- _What the exercise asks_: Copy exactly the stretch of data below from the line with "Name qr quadratischer aufkleber (Feiertag)" through the line with "Pink Embellished Tulle Gown", including both of those lines.

- _Data supplied_:
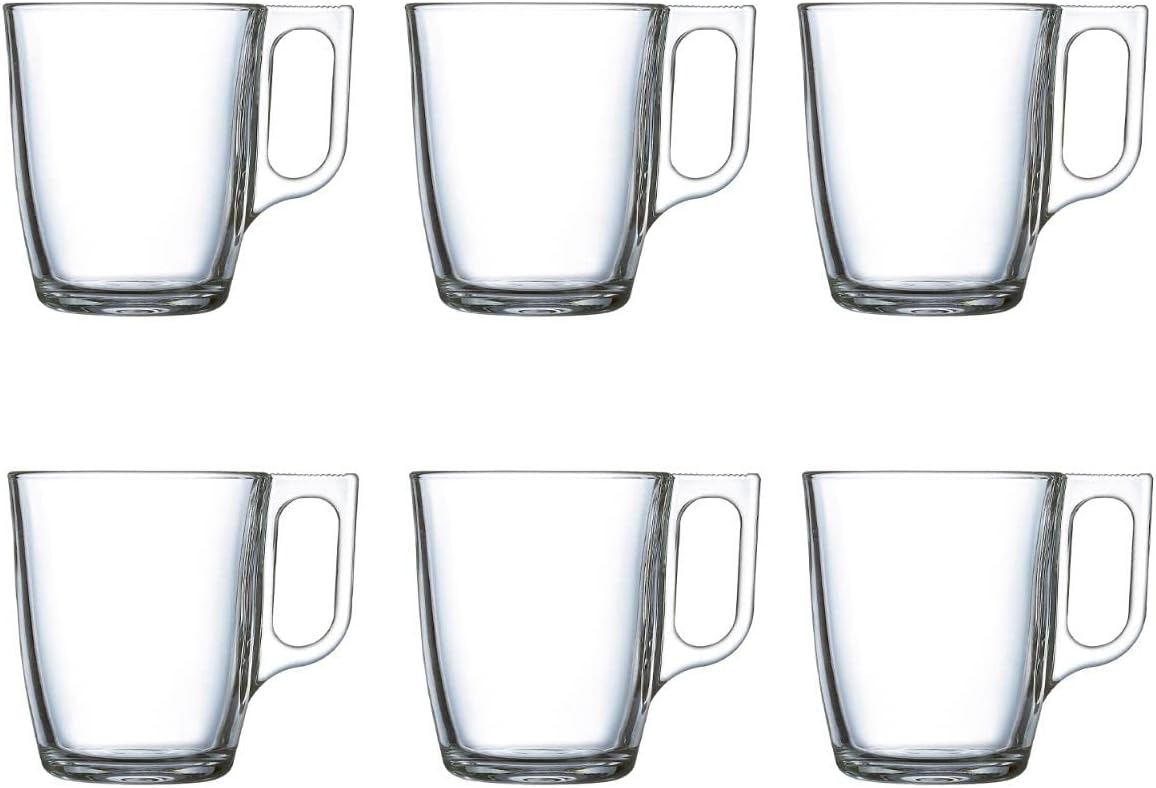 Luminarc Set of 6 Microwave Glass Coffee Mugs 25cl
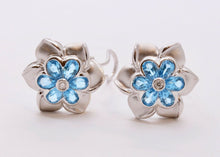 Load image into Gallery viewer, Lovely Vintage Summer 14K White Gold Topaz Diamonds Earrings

==

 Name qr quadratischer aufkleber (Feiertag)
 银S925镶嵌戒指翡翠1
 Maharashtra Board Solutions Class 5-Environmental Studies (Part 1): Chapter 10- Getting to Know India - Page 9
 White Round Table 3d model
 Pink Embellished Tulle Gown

- _Answer space_:
 Name qr quadratischer aufkleber (Feiertag)
 银S925镶嵌戒指翡翠1
 Maharashtra Board Solutions Class 5-Environmental Studies (Part 1): Chapter 10- Getting to Know India - Page 9
 White Round Table 3d model
 Pink Embellished Tulle Gown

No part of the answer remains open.